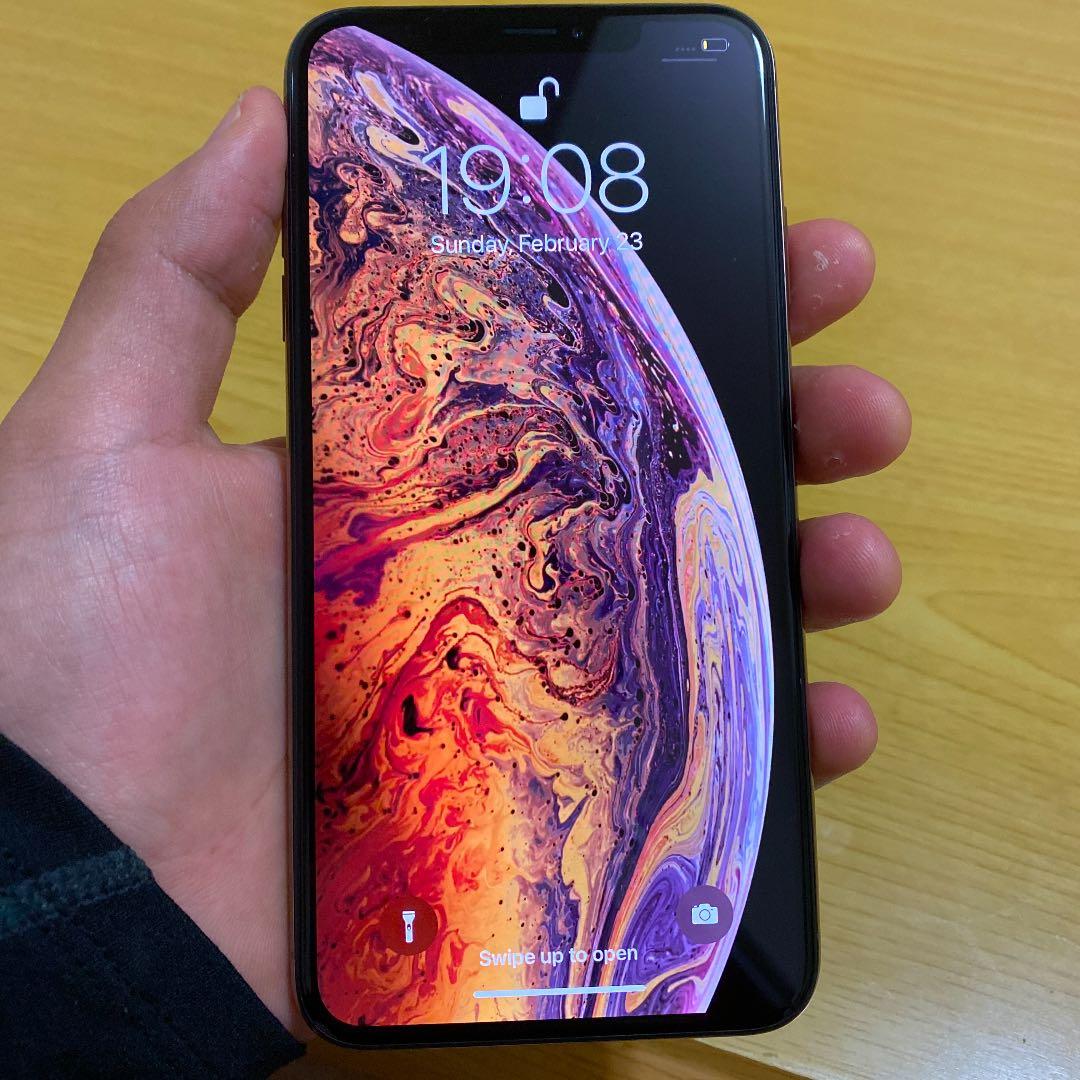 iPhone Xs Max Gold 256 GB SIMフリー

+ + + +

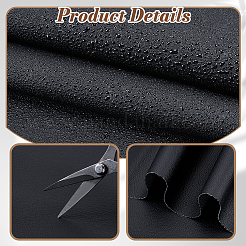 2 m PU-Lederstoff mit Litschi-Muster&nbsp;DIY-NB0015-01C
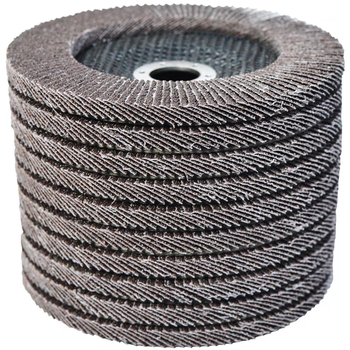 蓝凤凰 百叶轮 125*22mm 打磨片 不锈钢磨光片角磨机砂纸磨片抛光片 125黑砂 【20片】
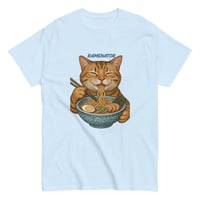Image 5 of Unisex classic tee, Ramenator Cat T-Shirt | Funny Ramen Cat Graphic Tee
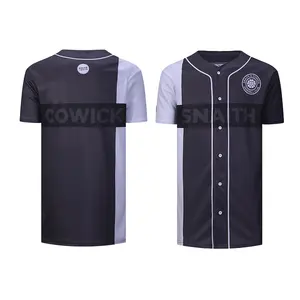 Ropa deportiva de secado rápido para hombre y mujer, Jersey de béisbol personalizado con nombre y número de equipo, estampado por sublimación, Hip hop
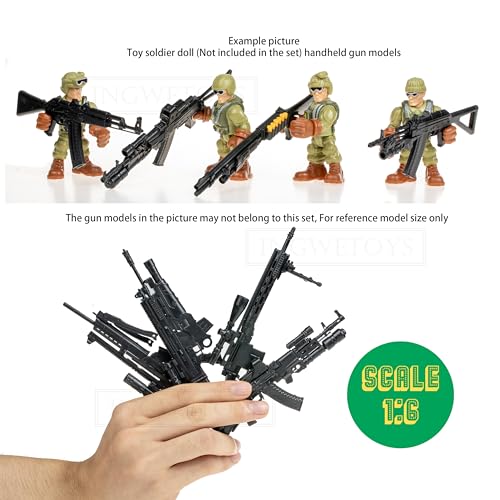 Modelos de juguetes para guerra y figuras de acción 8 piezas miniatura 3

+ + + +

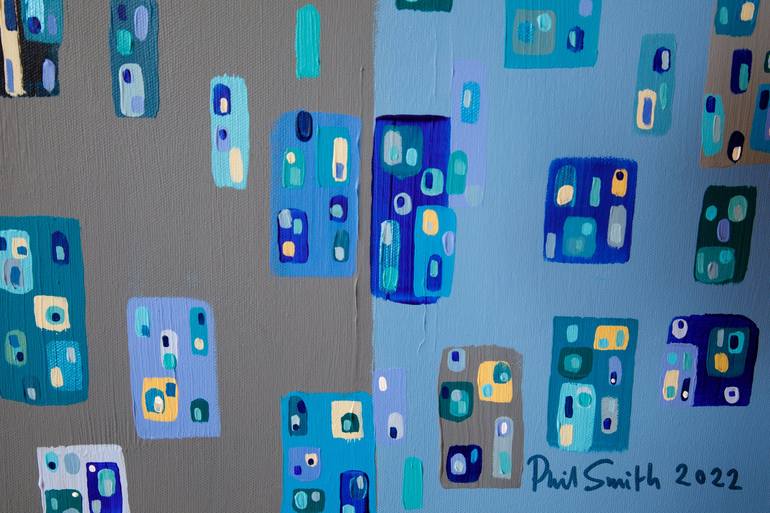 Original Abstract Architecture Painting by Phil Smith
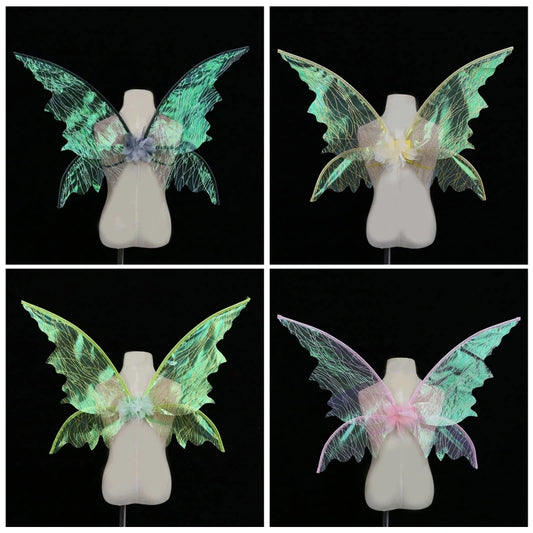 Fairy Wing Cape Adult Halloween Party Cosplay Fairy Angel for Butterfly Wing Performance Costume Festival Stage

+ + + +

Take only the lines above from the one that has "2 m PU-Lederstoff" through the one that has "Modelos de juguetes" and reproduce them exactly, omitting any pictures.

RESPONSE AREA -
 2 m PU-Lederstoff mit Litschi-Muster&nbsp;DIY-NB0015-01C
 蓝凤凰 百叶轮 125*22mm 打磨片 不锈钢磨光片角磨机砂纸磨片抛光片 125黑砂 【20片】
Image 5 of Unisex classic tee, Ramenator Cat T-Shirt | Funny Ramen Cat Graphic Tee
 Ropa deportiva de secado rápido para hombre y mujer, Jersey de béisbol personalizado con nombre y número de equipo, estampado por sublimación, Hip hop
 Modelos de juguetes para guerra y figuras de acción 8 piezas miniatura 3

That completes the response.